==== Input records ====

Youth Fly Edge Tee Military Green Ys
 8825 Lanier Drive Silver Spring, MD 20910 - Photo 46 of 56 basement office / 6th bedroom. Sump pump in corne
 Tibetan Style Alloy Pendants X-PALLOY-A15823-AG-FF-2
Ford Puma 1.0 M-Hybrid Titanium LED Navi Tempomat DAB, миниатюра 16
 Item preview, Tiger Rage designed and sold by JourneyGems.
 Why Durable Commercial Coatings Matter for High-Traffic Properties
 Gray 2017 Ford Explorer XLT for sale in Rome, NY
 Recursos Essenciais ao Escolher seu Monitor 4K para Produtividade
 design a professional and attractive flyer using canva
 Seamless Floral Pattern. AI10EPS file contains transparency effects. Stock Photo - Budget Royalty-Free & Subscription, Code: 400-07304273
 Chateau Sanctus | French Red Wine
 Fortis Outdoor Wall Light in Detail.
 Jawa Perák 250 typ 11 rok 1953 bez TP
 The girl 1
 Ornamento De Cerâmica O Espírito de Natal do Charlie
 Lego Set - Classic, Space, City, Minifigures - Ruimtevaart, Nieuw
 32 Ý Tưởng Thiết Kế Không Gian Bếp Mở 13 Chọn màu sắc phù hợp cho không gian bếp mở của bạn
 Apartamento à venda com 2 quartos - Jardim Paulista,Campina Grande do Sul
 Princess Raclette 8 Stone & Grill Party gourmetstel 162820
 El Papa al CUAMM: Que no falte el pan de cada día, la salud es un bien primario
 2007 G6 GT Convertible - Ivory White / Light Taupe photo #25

====

▸ **Work to complete**
However many lines the data holds, return each one exactly.

▸ **Solution to this problem**
Youth Fly Edge Tee Military Green Ys
 8825 Lanier Drive Silver Spring, MD 20910 - Photo 46 of 56 basement office / 6th bedroom. Sump pump in corne
 Tibetan Style Alloy Pendants X-PALLOY-A15823-AG-FF-2
Ford Puma 1.0 M-Hybrid Titanium LED Navi Tempomat DAB, миниатюра 16
 Item preview, Tiger Rage designed and sold by JourneyGems.
 Why Durable Commercial Coatings Matter for High-Traffic Properties
 Gray 2017 Ford Explorer XLT for sale in Rome, NY
 Recursos Essenciais ao Escolher seu Monitor 4K para Produtividade
 design a professional and attractive flyer using canva
 Seamless Floral Pattern. AI10EPS file contains transparency effects. Stock Photo - Budget Royalty-Free & Subscription, Code: 400-07304273
 Chateau Sanctus | French Red Wine
 Fortis Outdoor Wall Light in Detail.
 Jawa Perák 250 typ 11 rok 1953 bez TP
 The girl 1
 Ornamento De Cerâmica O Espírito de Natal do Charlie
 Lego Set - Classic, Space, City, Minifigures - Ruimtevaart, Nieuw
 32 Ý Tưởng Thiết Kế Không Gian Bếp Mở 13 Chọn màu sắc phù hợp cho không gian bếp mở của bạn
 Apartamento à venda com 2 quartos - Jardim Paulista,Campina Grande do Sul
 Princess Raclette 8 Stone & Grill Party gourmetstel 162820
 El Papa al CUAMM: Que no falte el pan de cada día, la salud es un bien primario
 2007 G6 GT Convertible - Ivory White / Light Taupe photo #25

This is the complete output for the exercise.